So it looks like we’re averaging one blog post a month right now.
I’d like to pick that number up a bit.
So last time I wrote anything here, I dug pretty deep down into some of my anxieties. It was…very cathartic, and it probably started the ball rolling for me.
Not long after my blog post, I had my first meeting with a counselor. During that session, he and I went over a lot of the same things which I listed in that post – my fears and anxieties around work, money, and my future. I felt loads better, even after just that one session. A few days later Katie and I went up Burlington, VT for the day to celebrate my birthday, and we talked about some of those concerns in a more positive and productive way.
Jump ahead a week or two and something sad happens – a coworker’s father passes away unexpectedly.
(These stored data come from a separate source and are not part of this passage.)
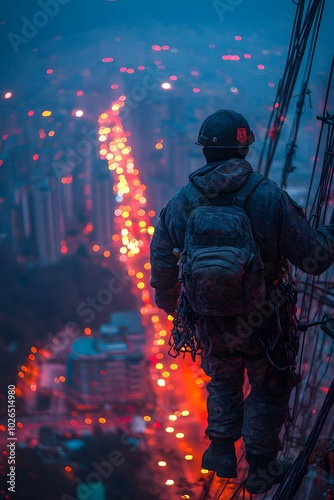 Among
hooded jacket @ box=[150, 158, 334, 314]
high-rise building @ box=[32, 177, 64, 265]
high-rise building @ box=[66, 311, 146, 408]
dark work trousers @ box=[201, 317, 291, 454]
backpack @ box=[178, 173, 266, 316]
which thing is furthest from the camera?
high-rise building @ box=[32, 177, 64, 265]

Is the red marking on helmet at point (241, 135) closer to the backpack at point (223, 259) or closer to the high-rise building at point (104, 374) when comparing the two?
the backpack at point (223, 259)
Most of my coworkers and I end up at his Celebration of Life to support our friend. While there, after a couple of drinks, the subject of work comes up and I’m asked why I don’t just go to work for my father. I joke about how he doesn’t want to have to do all the paperwork involved and think little of it. That evening I tell my father how jealous several of my pals are of his job, and how they said I should go work for him. Instead of the response I expect, he tells me he’d love to have me working with him.
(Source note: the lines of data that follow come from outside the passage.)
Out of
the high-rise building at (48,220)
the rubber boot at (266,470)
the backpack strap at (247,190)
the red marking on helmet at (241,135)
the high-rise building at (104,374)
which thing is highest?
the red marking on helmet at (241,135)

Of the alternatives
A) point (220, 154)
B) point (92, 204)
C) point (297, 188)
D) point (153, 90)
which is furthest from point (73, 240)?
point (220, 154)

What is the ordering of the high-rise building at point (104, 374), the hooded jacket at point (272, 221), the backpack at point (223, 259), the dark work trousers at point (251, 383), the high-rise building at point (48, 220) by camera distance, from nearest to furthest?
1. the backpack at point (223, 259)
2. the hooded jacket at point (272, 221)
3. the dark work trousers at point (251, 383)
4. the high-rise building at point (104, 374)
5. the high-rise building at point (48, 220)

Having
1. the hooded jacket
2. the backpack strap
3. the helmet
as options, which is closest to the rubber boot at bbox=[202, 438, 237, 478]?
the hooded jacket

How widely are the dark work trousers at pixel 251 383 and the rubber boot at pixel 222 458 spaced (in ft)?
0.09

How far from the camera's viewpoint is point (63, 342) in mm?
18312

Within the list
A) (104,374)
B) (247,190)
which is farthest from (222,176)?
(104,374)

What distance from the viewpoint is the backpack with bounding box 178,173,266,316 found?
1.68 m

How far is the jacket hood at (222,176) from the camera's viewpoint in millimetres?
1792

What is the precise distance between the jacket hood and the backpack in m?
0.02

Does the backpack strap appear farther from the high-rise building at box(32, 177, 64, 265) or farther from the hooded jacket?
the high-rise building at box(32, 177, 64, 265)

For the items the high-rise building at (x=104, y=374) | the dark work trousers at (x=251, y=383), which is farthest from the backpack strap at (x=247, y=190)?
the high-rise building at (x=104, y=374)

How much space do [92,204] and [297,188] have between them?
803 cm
I told Katie about everything that happened that day, and she immediately says I should go for it – get out of the job that’s been draining me for so long. I only had to think about it for a day or two. By the end of the week, I started transitioning to Per Diem at my current job. My last day as a full-time staff is this Saturday.
The moment I committed to leaving it felt as though a tremendous weight had lifted off of my shoulders. Right now, my loose plan is to work with my father 3 days each week, and my current job 3 days each week, having Sundays off. I get to flex my schedule, and most importantly…I get to have my mornings back!
Seriously, everyone, I don’t know if you understand how much this is going to mean to me. I’m one of those rare and annoying individuals known as a “Morning Person” – I’m at my best between about 7am and 2pm, which is what I have been working most days for the past year, hence my lapse in productivity. This blog entry is being written at night, which is why it has thus far taken me an hour and a half to write what is probably less than a page.
So what does that mean for SBP? Well, that’s still a bit up in the air. We’re in transition right now, and its definitely a good one, but the dust needs to settle a bit more. Also, Katie and I will be flying out to Vancouver, BC come October 9th to volunteer at SHUX Gaming Expo! We’re very excited, and there’s going to be plenty of time for us to talk over our next steps.